It is necessary to control the speed of the railroad cars as they move through the classification yard to insure they transit the tracks and switches safely and to avoid damage to the cars or contents as each car is added to the trains. Such speed control is accomplished by railroad car retarders.
Railroad car retarders are located beside the rails of the tracks. The retarder has elongated brake shoes, typically of steel, positioned on each side of the rails. The shoes move toward each other to pinch the wheels as a car moves through the retarder to slow its motion. The brake shoes are mounted on brake beams connected to levers operated by fluid cylinders.
The contact of the steel brake shoes with the steel car wheels produces a highly objectionable screeching noise as the car moves through the retarder. This noise may be hazardous to crew men working in the yard and offensive to adjacent residents. As a result, the problem of noise generation in railroad retarders has been a concern to industry for many years and, more recently, has attracted the attention of government.
Attempts have been made to reduce such noise to tolerable levels.
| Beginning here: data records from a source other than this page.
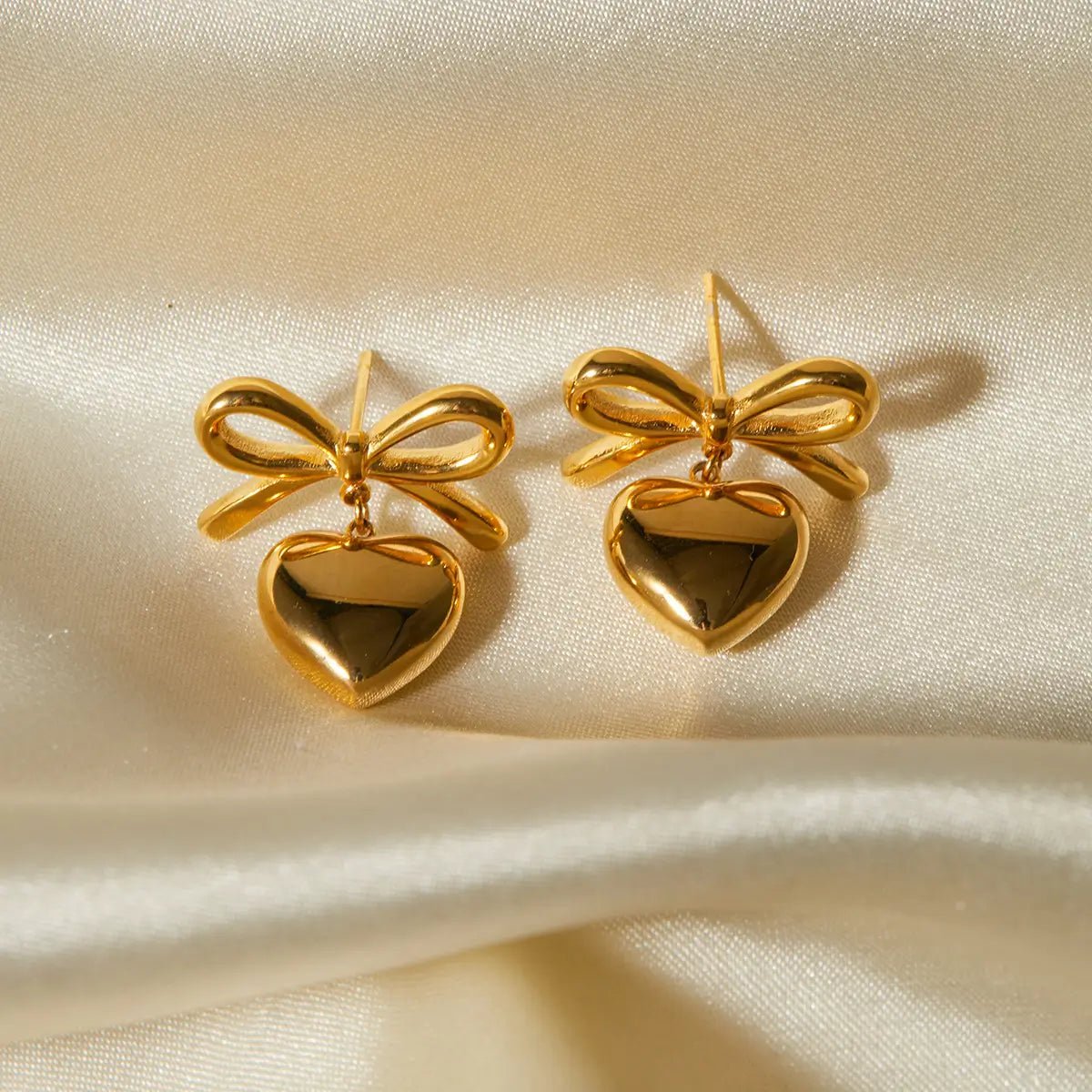 Elegant Heart Shape Bow Knot Drop Earrings With Gold Plated Finish - TIRAAYA
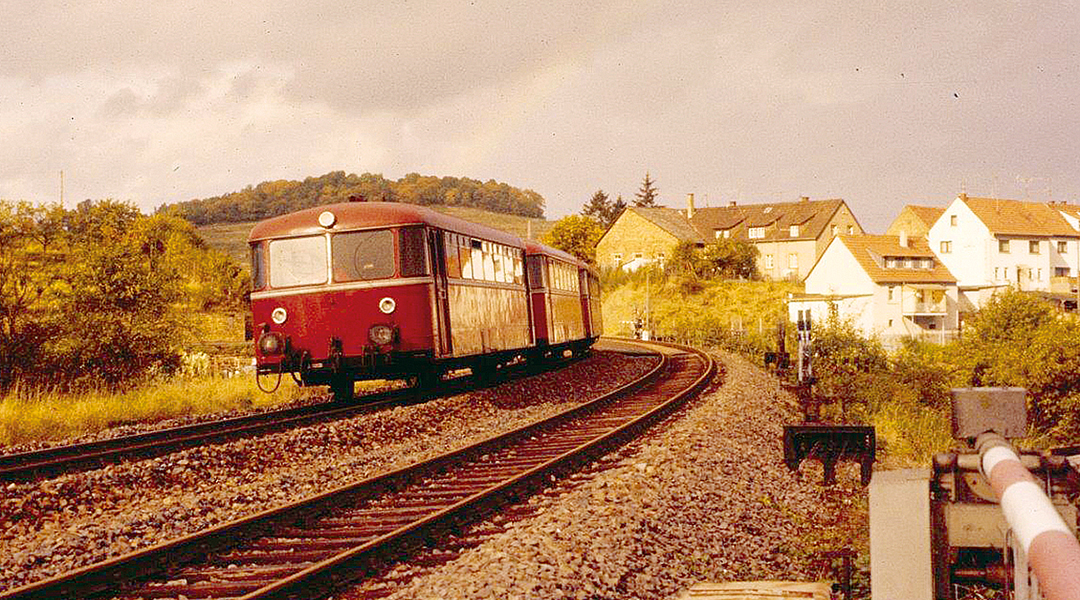 Ein Schienenbus fährt auf einer zweigleisigen Strecke.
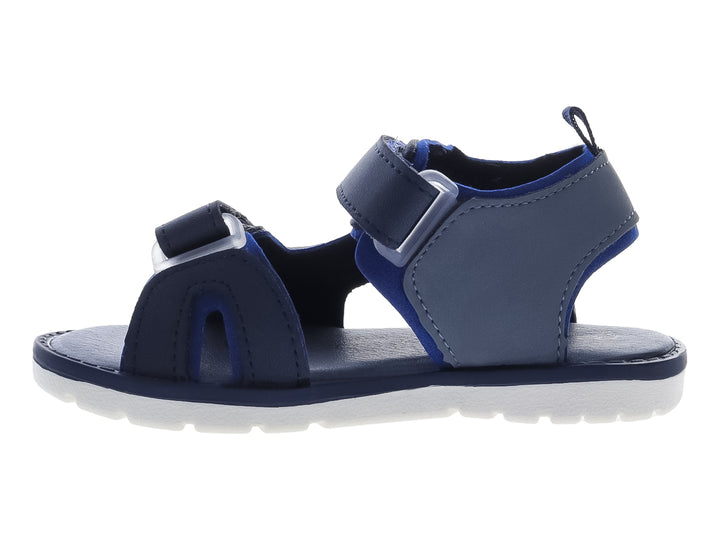 Sandalia infantil color azul marino con suela blanca y correas de ajuste con velcro.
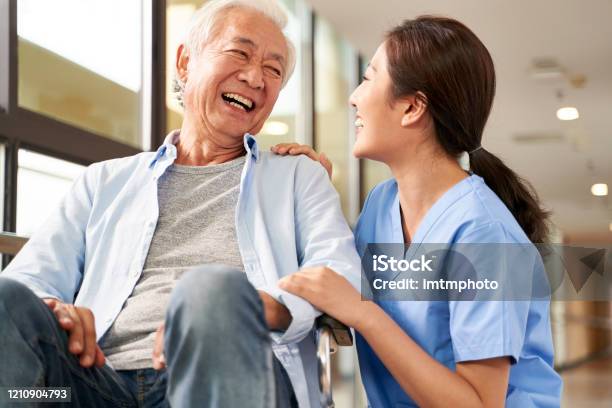 Friendly Asian Caretaker Talking To Senior Patient In Nursing Home Stock Photo - Download Image Now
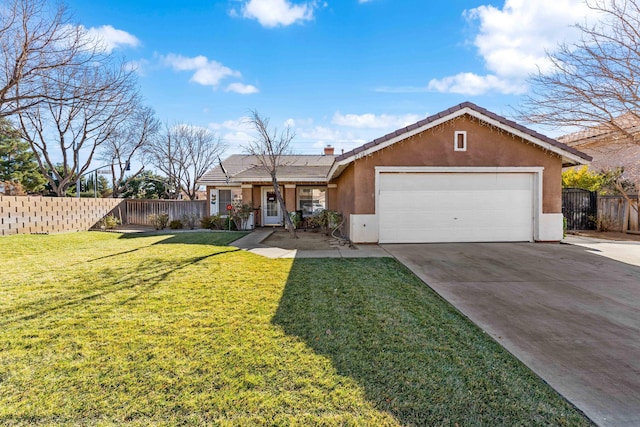 ranch-style home with a front yard and a garage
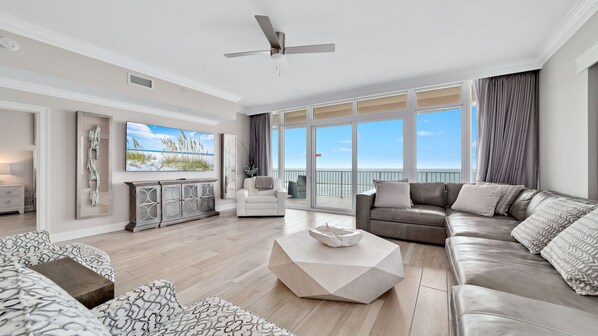 A spacious living room with a large window overlooking the ocean, a ceiling fan, and a modern fireplace. - New Complex!  BeachFront!  Lazy River/Slide!!  Parking Level!! (Orange Beach)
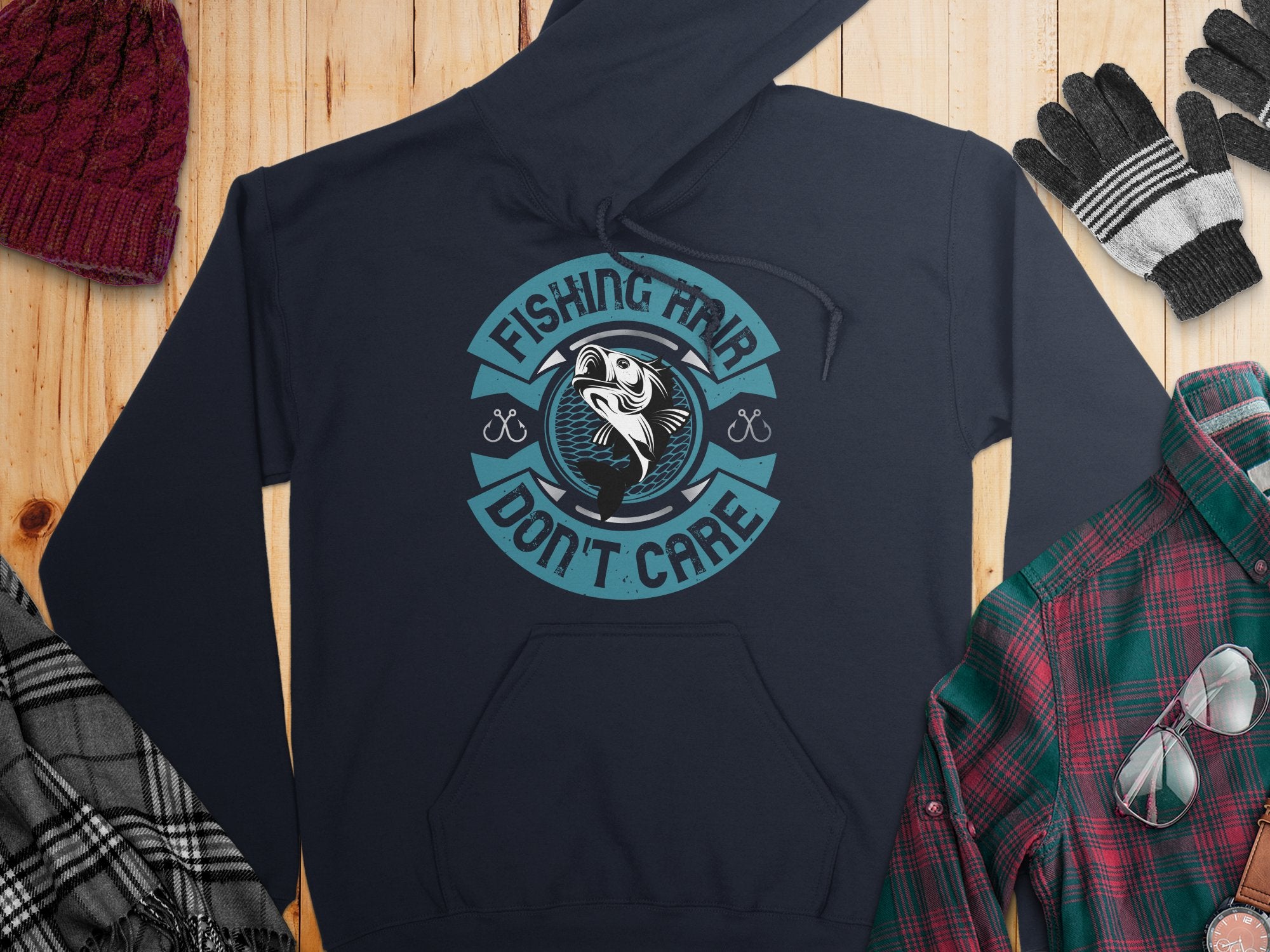A navy graphic hoodie from Garment Graphics with a circular fish design and Fishing Hair Dont Care text is laid flat on wood. Ideal for anglers, its paired with a maroon beanie, plaid shirt, black and white gloves, and a gray plaid scarf.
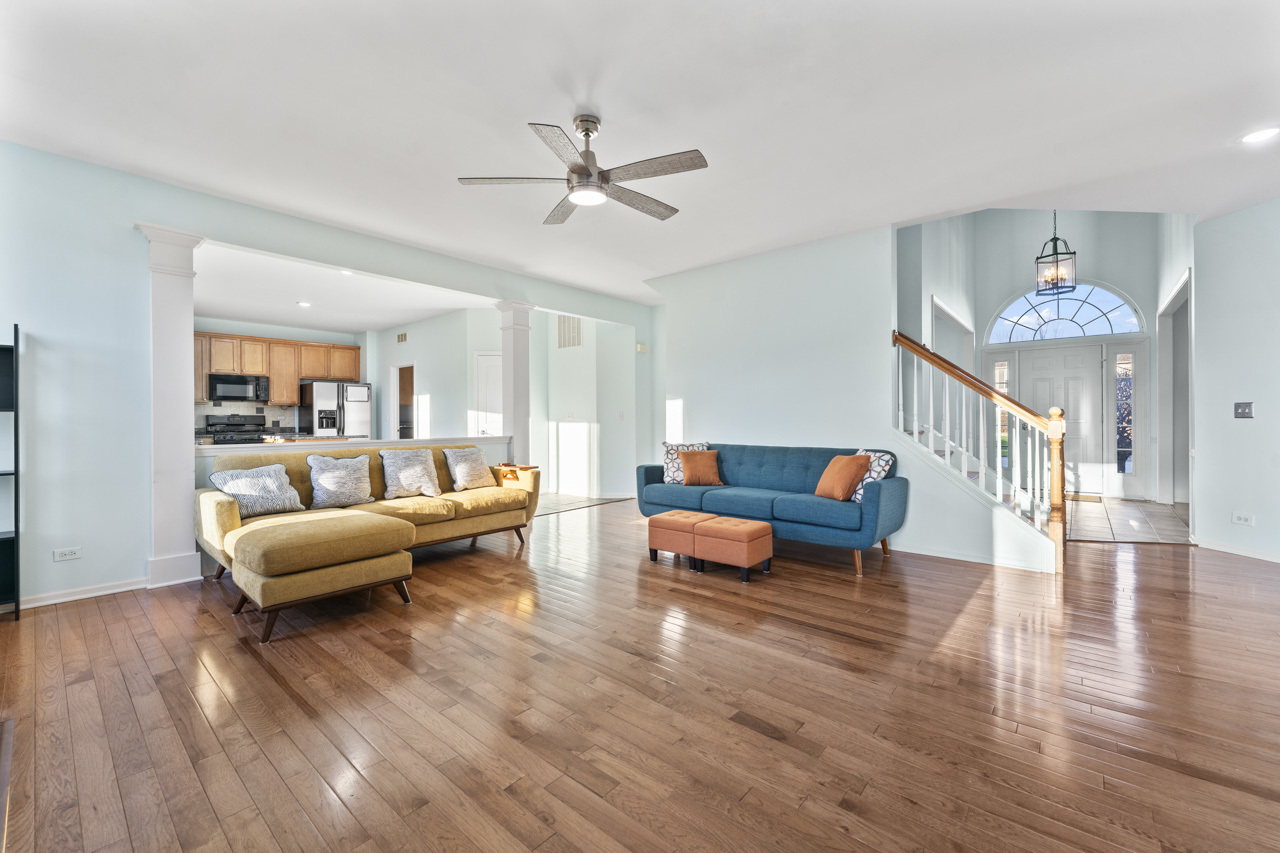 149 Lilac Street Bolingbrook, IL 60490 - Photo 10 of 50 a living room with furniture and wooden floor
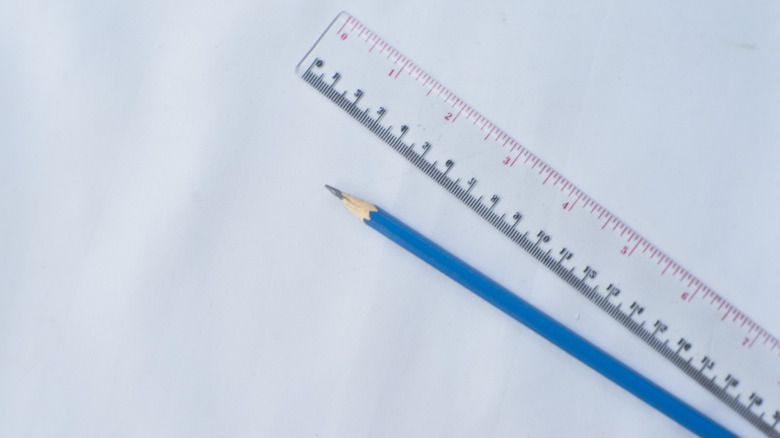 A standard ruler and a straight pencil white background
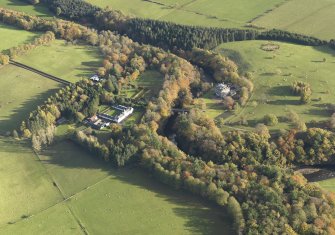 Oblique aerial view centred on the house with the stables adjacent, taken from the W.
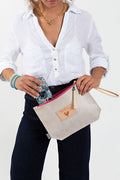 Woman placing her phone in the white and tan clutch with a light brown strap, tan tassel, and a bright pink zipper. 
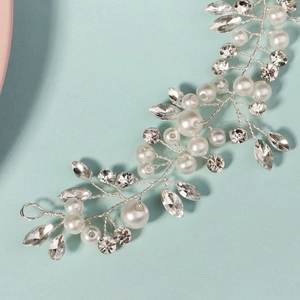 Handmade silver hair vine with white pearls and sparkling crystals for bridal hairstyles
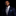 Man wearing a navy suit with a blue and yellow checkered tie and pocket square on a black background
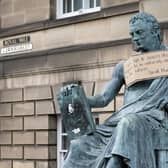 A poster hangs from the statue of the 18th Century philosopher David Hume on Edinburgh's Royal Mile, following a Black Lives Matter protest rally in June (Picture: Jane Barlow/PA)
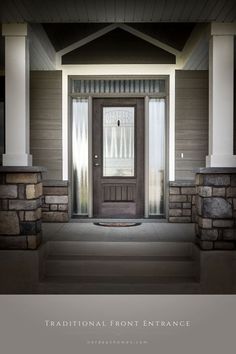 the front entrance to a house with stone steps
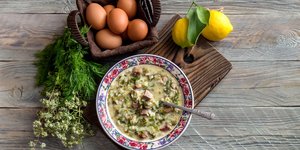 Πιάτο με μαγειρίτσα σε ξύλο κοπής μπροστά από καλάθι με αυγά, λεμόνια και μυρωδικά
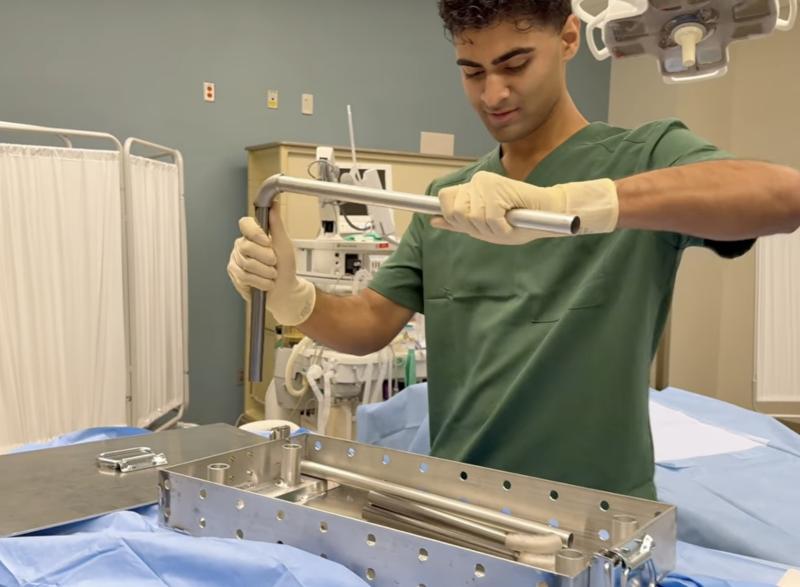 A person wearing surgical scrubs and gloves uses a metal tool to work with a stainless‑steel medical device or instrument tray in a clinical environment. Medical equipment and curtains are visible in the background.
In general, however, these efforts have achieved noise reduction at the expense of other necessary or desirable properties of the brake shoe, such as efficacy of retarding action and reduction in service life or have created other undesirable conditions. Such efforts have thus been unsatisfactory. These prior efforts have taken three general approaches: selection of materials for the brake shoes other than steel; altering the configuration of the brake shoes; or use of lubricants in the retarder.
U.S. Pat. Nos. 3,321,048; 4,003,451; and 3,716,114 showing the use of ductile iron, flake-graphite bearing iron, and asbestos, respectively, in the brakes shoes are typical of the first approach. While capable of reducing noise, due to the softness or lubricity of the materials, such shoes exhibited lessened service life due to increased wear and/or breakage as compared to conventional steel brake shoes. They therefore tended to be unsatisfactory from this standpoint.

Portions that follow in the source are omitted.